I'll leave you with one last reason we need to share. A majority (probably most, but I'm gonna be careful here) of autoimmune diseases are unpredictable, play out differently in different people, and are occasionally rare. Not even Dr's and scientist have figured them out completely. There's still a world of unknown and if we keep things to ourselves, we're only hurting ourselves. We need to be open about things so that progress can be made. We need to be honest and share because while we may feel we're a walking encyclopedia, there are people out there searching for information, and we're the best informants out there. (And quite frankly, its healthier to let out our frustrations and feelings and sharing with those around us. Stress just makes things worse, and life has enough stress.)

I started this blog, because I was searching for a way to vent and let out what I was feeling about the mess that my disease was making of my life. I was holding it all in, and it was driving me crazy. I didn't think anyone wanted to hear it. I didn't want to push people away because I was complaining about my problems. So I created a place where I could unload and work through what I'm going through and what I'm feeling. But then it morphed into something else entirely. Don't get me wrong, if you follow my blog, you know I still do all that, but it's become about something more as well. I'm hoping that the time I've spent poring through information, and the things I'm experiencing, will help someone else going through the same things I am. Because we can't do this alone.
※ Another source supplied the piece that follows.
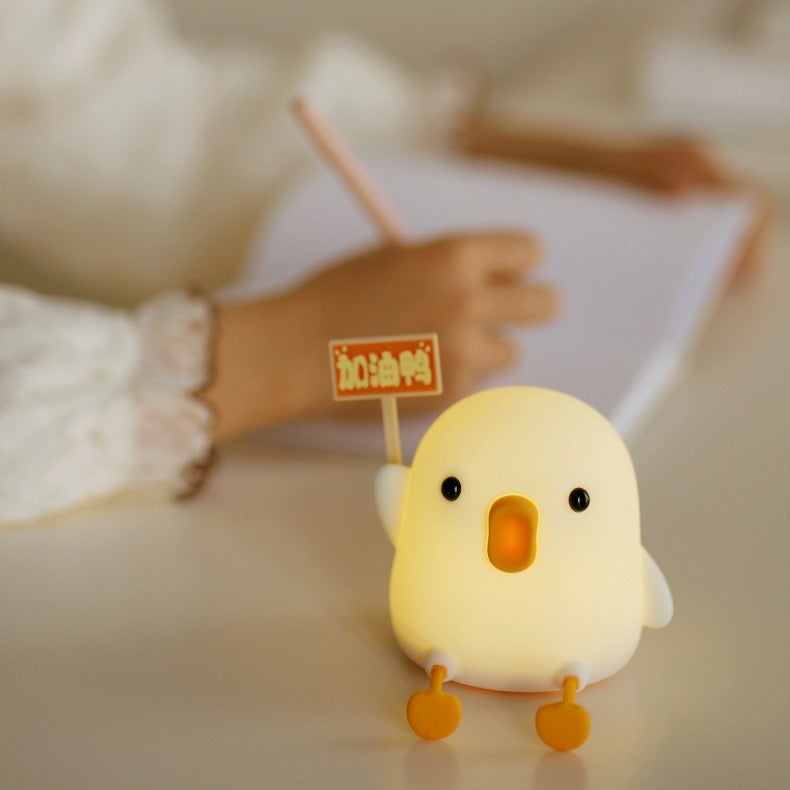 Genki U-Duck LED Night Lamp (5-9 Working Days Delivery)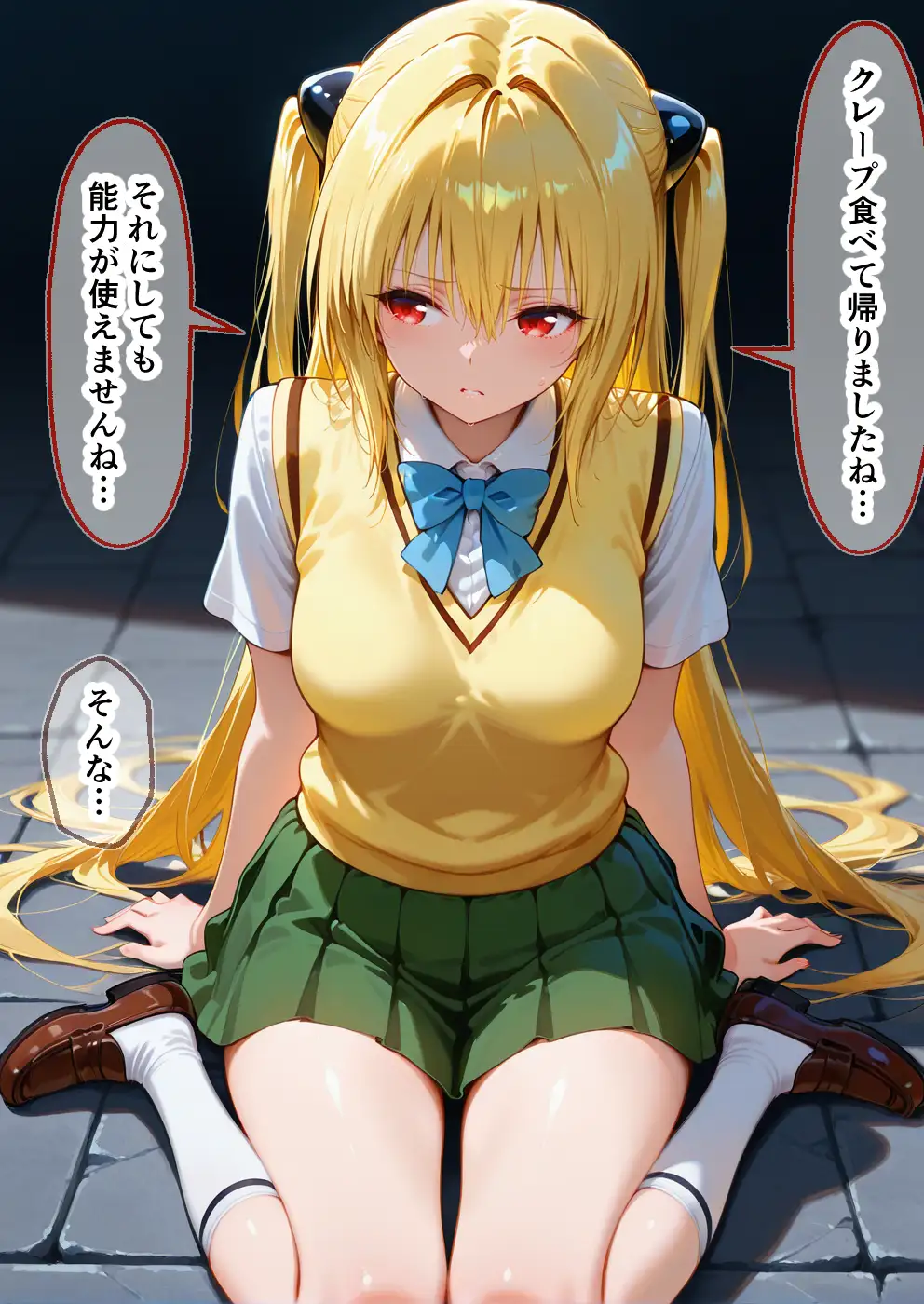 トラ◯ルま◯こをブチ犯せ！！性奴◯孕ませオークション 3ページ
We need to know we aren't alone, that someone out there knows and understands. And we need to be that source of information for them as well. If someone else can benefit from our hours of reading and sifting through library titles why shouldn't we share it? Believe me, I've loved finding that in others here as well. Its an invaluable tool.

So please. Don't be silent. Be aware and spread awareness so that you can benefit from someone else and be a help to others. Lets make research and progress in treating/curing autoimmune disease something that is as important to science as it is for us, and lets work at making it a thing of the past.

1 comment:

  1. I really needed to read this.

    I have felt a change in myself recently because of my health issues and I honestly believe it's because I've chosen to keep most of what I'm going thru in...hide it from keep them from judging me or pitying me.

    You are absolutely right. We shouldn't feel ashamed or like we're a burden. We should use our experiences to educate others. That's the only way the world would look at us differently. And maybe one day, there will be better testing and better treatments.